Hahn Georg, Cho Michael H, Weiss Scott T, Silverman Edwin K, Lange Christoph
bioRxiv. 2020 Jun 30:2020.06.22.165936. doi: 10.1101/2020.06.22.165936.
Research efforts of the ongoing SARS-CoV-2 pandemic have focused on viral genome sequence analysis to understand how the virus spread across the globe. Here, we assess three recently identified SARS-CoV-2 genomes in Beijing from June 2020 and attempt to determine the origin of these genomes, made available in the GISAID database. The database contains fully or partially sequenced SARS-CoV-2 samples from laboratories around the world. Including the three new samples and excluding samples with missing annotations, we analyzed 7, 643 SARS-CoV-2 genomes. Using principal component analysis computed on a similarity matrix that compares all pairs of the SARS-CoV-2 nucleotide sequences at all loci simultaneously, using the Jaccard index, we find that the newly discovered virus genomes from Beijing are in a genetic cluster that consists mostly of cases from Europe and South(east) Asia. The sequences of the new cases are most related to virus genomes from a small number of cases from China (March 2020), cases from Europe (February to early May 2020), and cases from South(east) Asia (May to June 2020). These findings could suggest that the original cases of this genetic cluster originated from China in March 2020 and were re-introduced to China by transmissions from samples from South(east) Asia between April and June 2020.

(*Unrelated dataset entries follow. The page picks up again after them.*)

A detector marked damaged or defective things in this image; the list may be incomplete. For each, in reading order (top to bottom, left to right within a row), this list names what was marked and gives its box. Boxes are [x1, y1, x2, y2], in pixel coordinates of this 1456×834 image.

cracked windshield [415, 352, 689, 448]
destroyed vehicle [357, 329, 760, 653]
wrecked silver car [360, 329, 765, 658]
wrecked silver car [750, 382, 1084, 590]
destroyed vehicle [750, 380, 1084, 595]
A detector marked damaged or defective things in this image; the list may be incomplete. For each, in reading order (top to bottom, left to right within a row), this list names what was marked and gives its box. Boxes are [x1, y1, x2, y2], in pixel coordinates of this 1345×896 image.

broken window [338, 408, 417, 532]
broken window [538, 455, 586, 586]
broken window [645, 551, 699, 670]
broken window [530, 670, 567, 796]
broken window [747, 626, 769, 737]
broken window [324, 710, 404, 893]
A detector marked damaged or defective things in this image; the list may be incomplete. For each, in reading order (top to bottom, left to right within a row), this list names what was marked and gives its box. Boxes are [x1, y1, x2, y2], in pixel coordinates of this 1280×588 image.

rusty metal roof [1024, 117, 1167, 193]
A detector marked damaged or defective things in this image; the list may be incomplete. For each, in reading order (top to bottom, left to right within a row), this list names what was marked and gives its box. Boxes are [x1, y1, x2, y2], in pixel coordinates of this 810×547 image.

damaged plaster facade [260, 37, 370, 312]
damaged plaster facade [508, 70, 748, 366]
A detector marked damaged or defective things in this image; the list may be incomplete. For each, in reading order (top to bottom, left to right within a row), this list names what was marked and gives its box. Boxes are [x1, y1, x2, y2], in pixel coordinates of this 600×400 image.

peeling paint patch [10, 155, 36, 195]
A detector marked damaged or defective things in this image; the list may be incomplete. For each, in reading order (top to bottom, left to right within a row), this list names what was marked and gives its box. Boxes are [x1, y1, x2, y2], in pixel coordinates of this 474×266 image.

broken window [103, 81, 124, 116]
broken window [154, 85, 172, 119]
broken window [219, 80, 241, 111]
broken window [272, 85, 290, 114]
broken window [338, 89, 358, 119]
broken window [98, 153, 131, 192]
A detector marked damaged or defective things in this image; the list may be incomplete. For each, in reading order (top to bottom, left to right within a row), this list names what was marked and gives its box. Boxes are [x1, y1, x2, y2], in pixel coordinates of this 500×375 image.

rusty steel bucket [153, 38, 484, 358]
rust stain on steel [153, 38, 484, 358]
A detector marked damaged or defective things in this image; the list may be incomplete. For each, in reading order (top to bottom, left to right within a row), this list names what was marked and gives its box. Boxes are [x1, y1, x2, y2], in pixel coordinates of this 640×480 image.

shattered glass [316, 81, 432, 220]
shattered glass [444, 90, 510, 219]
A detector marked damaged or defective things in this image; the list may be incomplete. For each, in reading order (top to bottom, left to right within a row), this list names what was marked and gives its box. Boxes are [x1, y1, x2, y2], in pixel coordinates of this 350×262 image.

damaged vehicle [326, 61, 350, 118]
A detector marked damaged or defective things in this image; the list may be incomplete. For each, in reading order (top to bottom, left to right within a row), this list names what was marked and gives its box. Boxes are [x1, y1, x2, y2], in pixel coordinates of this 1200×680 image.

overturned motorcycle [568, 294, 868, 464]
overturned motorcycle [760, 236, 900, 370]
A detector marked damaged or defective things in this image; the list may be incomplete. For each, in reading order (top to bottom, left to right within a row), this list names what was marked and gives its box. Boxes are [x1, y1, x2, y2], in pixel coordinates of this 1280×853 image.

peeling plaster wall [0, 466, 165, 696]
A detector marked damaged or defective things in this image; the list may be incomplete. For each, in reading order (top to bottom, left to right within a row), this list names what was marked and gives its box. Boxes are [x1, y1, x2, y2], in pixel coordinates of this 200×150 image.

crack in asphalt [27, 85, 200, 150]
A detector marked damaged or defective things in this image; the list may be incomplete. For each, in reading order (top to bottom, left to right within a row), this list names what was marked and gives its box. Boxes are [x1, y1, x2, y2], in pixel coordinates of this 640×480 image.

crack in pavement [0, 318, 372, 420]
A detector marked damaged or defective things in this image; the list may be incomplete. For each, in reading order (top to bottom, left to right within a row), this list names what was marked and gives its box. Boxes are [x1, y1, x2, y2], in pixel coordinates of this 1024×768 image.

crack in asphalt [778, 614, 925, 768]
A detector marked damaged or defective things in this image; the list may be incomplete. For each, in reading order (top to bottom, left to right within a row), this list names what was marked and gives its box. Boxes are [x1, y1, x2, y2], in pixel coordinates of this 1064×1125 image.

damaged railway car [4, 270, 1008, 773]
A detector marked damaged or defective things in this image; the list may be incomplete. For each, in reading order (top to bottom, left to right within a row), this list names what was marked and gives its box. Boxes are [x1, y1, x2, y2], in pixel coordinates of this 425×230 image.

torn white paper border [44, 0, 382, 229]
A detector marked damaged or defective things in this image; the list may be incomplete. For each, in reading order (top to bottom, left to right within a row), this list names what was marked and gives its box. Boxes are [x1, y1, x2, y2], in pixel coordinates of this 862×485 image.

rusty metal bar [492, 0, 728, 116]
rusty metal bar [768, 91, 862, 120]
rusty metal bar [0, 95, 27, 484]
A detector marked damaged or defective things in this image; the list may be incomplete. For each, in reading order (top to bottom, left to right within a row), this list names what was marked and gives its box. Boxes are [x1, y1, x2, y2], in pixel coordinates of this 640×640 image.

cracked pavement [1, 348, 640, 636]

针对当前新型冠状病毒肺炎疫情的研究工作主要集中在病毒基因组序列分析上,以了解病毒是如何在全球传播的。在此,我们评估了2020年6月在北京新发现的三个新型冠状病毒基因组,并试图确定这些基因组的来源,这些基因组已在全球共享流感数据倡议组织(GISAID)数据库中公布。该数据库包含来自世界各地实验室的新型冠状病毒全序列或部分序列样本。包括这三个新样本并排除注释缺失的样本后,我们分析了7643个新型冠状病毒基因组。使用基于相似性矩阵计算的主成分分析,该矩阵使用杰卡德指数同时比较所有位点上新型冠状病毒核苷酸序列的所有配对,我们发现北京新发现的病毒基因组处于一个遗传簇中,该遗传簇主要由来自欧洲和东南亚的病例组成。这些新病例的序列与来自中国少数病例(2020年3月)、欧洲病例(2020年2月至5月初)以及东南亚病例(2020年5月至6月)的病毒基因组关系最为密切。这些发现可能表明,这个遗传簇的原始病例于2020年3月起源于中国,并在2020年4月至6月期间通过东南亚样本的传播再次传入中国。